The last part of the puzzle is to figure out whether there is a bingo in a block. Part One asks us to find the first bingo and then sum some numbers and multiply with the last drawn number. The search for this can also be made fast. The idea is to only check the first line and column. If there is a marked number, then and only then the code checks whether the whole line is marked.

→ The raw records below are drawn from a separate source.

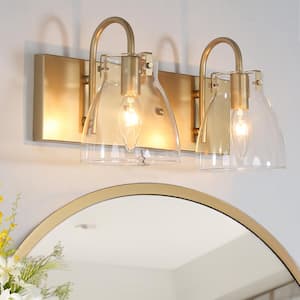 Modern 2-Light Gold Bathroom Vanity Light with Bell Clear Glass Shades Classic Mirror Brass Wall Sconce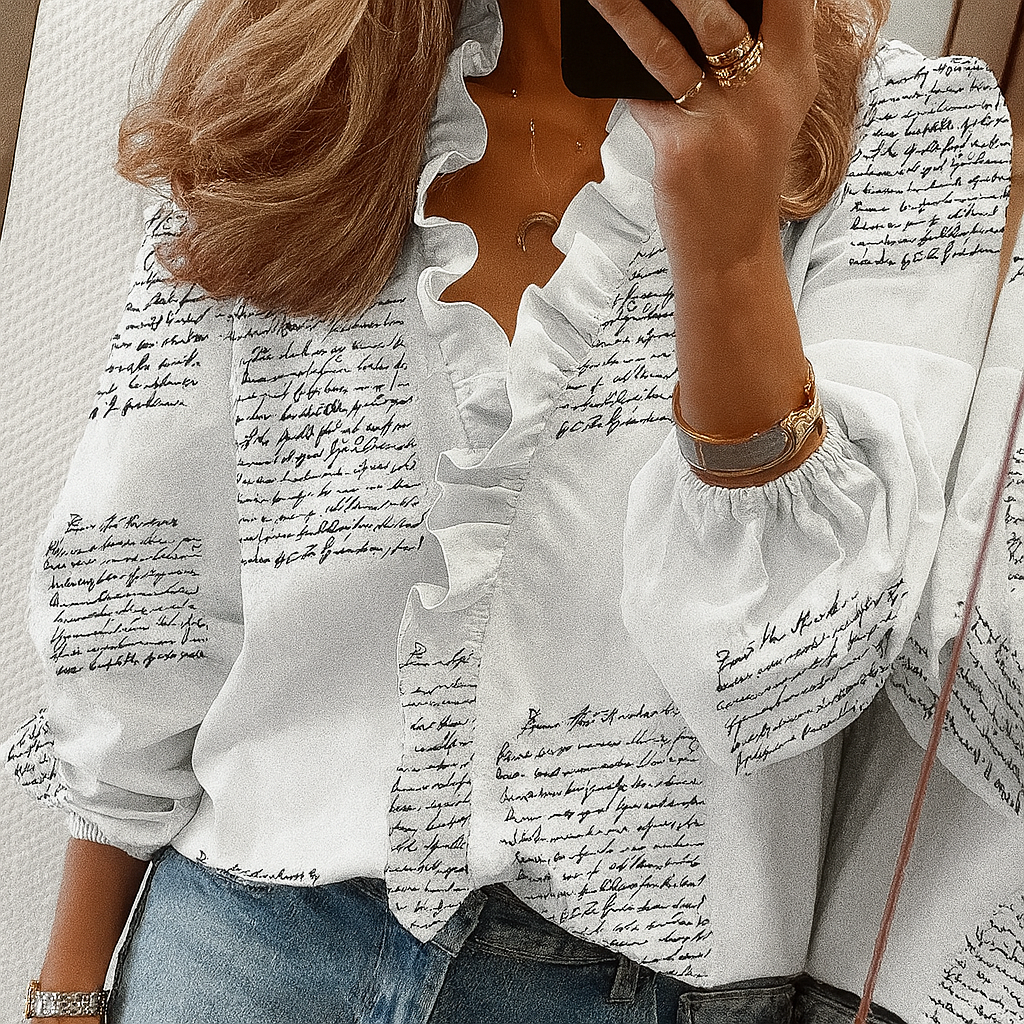 Blaugrüne Bluse mit Rüschenbesatz und Puffärmeln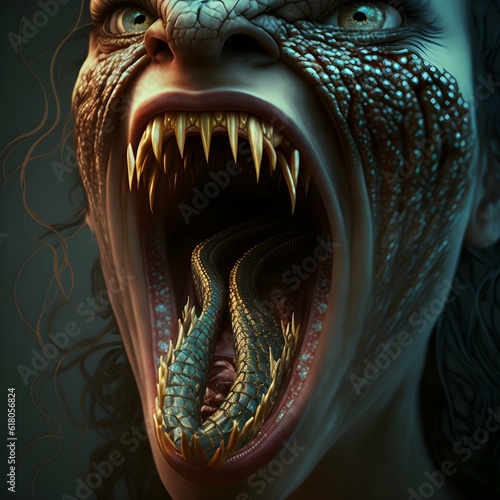 a snake comes out of an wide open mouth of womans face horror 16k octan render ultra detailed  photo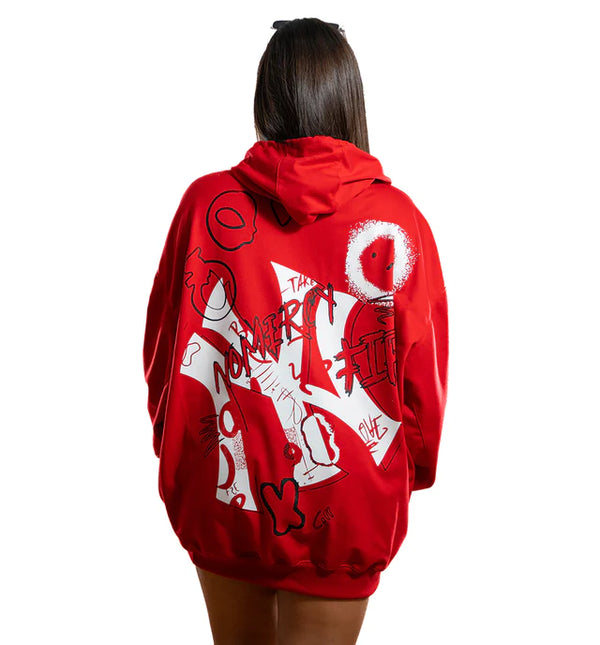 HOODIE OVERSIZE ROJO NY DAMA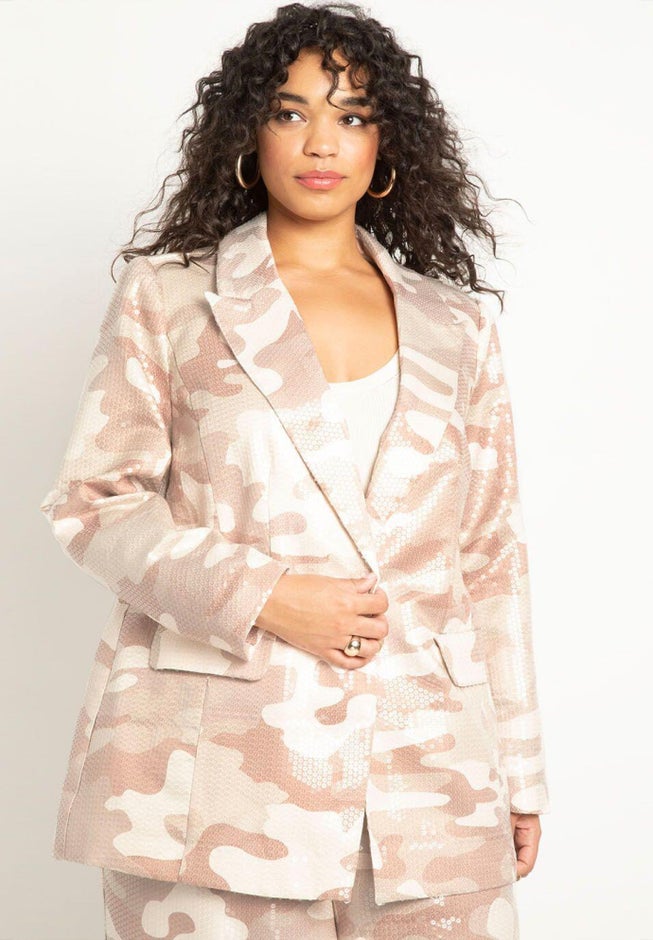 Printed Sequin Blazer image number 0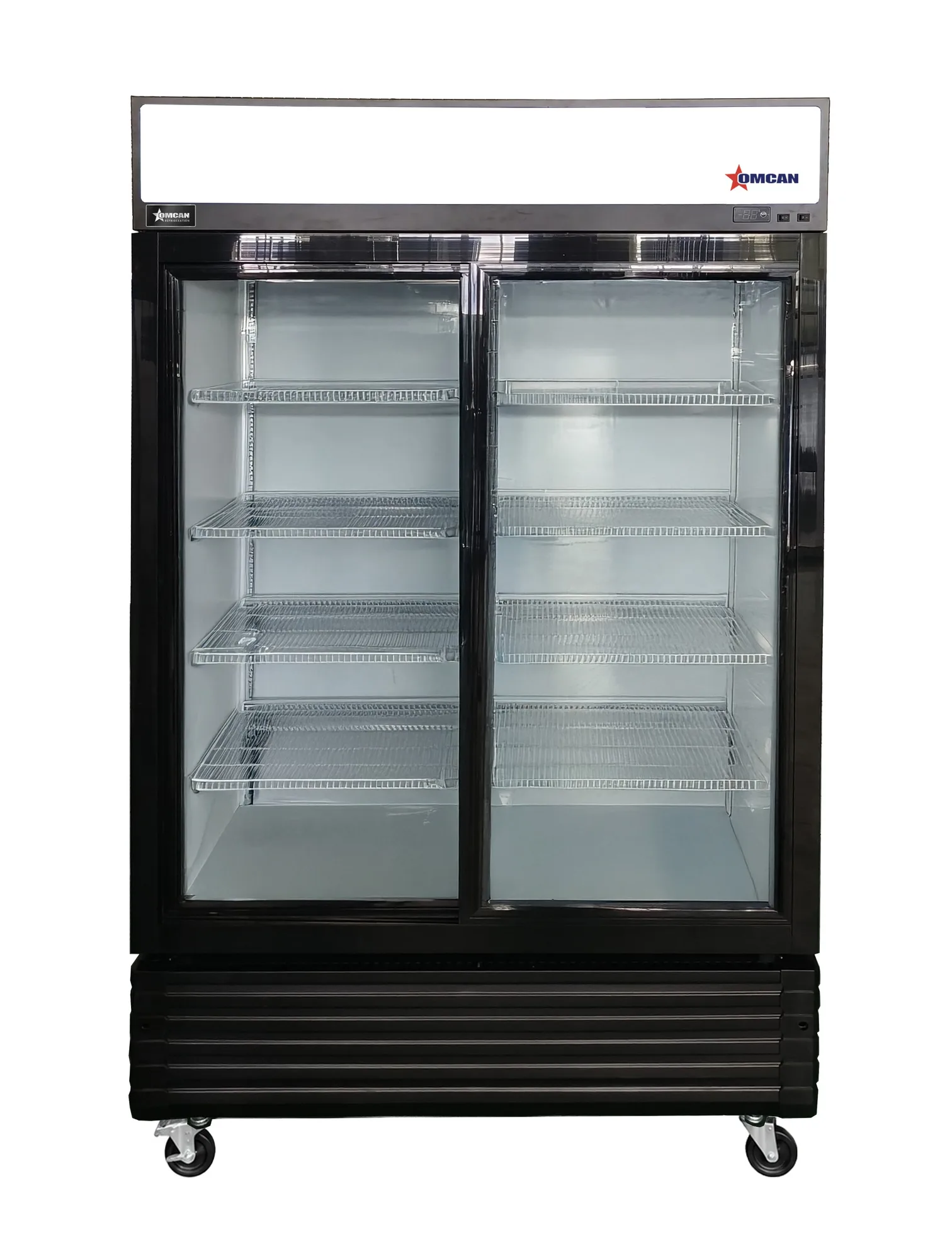 47" Two (2) Sliding Glass Door Refrigerator, 29.5 cu.ft. (835 L), Black, 115 V / 60 Hz / 1 Ph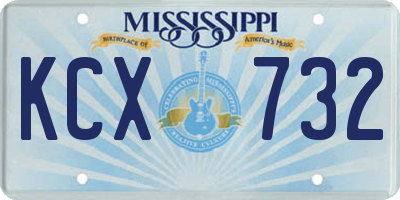 MS license plate KCX732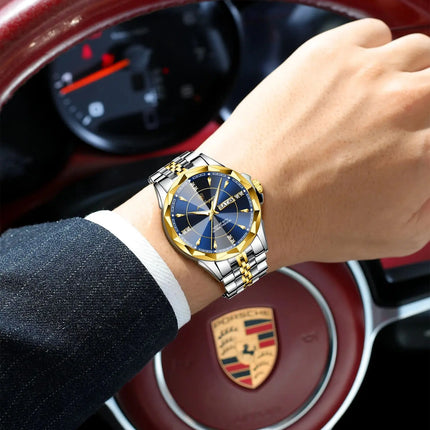 POEDAGAR Luxury Man Clock Business Waterproof Luminous Date Week Watches For Men Quartz Stainless Steel Fashion Men's Wristwatch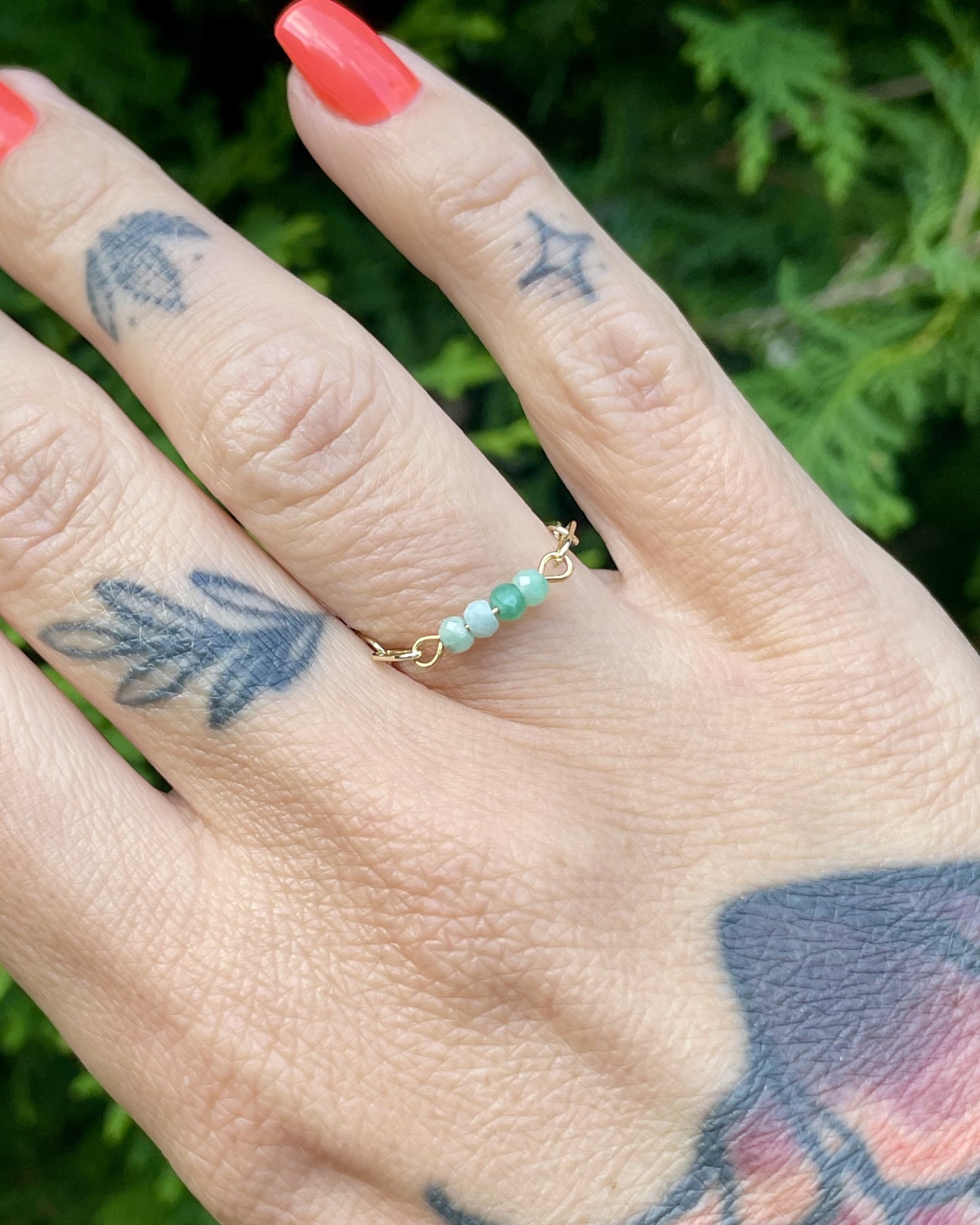Cercle — Bague en pierre naturelle plaqué or 14k
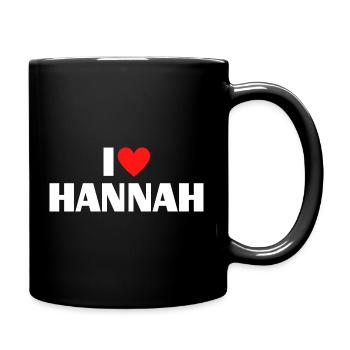 I love Hannah Red Heart Romantic Name Fan - Full Colour Mug - black - Right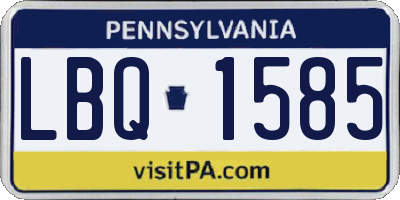PA license plate LBQ1585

const checkIfBingo = (xCoordinateOfFoundNumber, yCoordinateOfFoundNumber, table) => {
return checkLineOfTableForBingo(xCoordinateOfFoundNumber, table) || checkColumnOfTableForBingo(yCoordinateOfFoundNumber, table)
}
const checkLineOfTableForBingo = (indexOfLine, table) => {
let isBingo = true;
for (let i = 0; i < MATRIX_SIZE; i++) {
isBingo = isBingo && table[indexOfLine][i].isMarked;
}
return isBingo
}
}
I will show only one of the methods. If you want, you can read the whole code here. This will solve you the first part of the puzzle. The thing is the squid is a sore loser and Santa recognizes that letting the squid win would be a wiser strategy. Therefore we need to ignore all wins and wait for the last win and then save the index of the block. The thing I didn't understood is that there can be only one bingo per block. If all blocks have a bingo, the last one is the one we needed. Fortunately for me, Gabriel got my back.
Earlier I was applauding JavaScript for its awesome forEach()
function, but then the language just surprised me. We needed to store the table in an object, but it would only make a shallow copy of the table and therefore would change over time. We searched for some minutes and found out that it is a legitimate way to use JSON.stringify()
to produce a JSON string and then parse it back to a object with JSON.parse()
. Stay classy JavaScript, stay classy.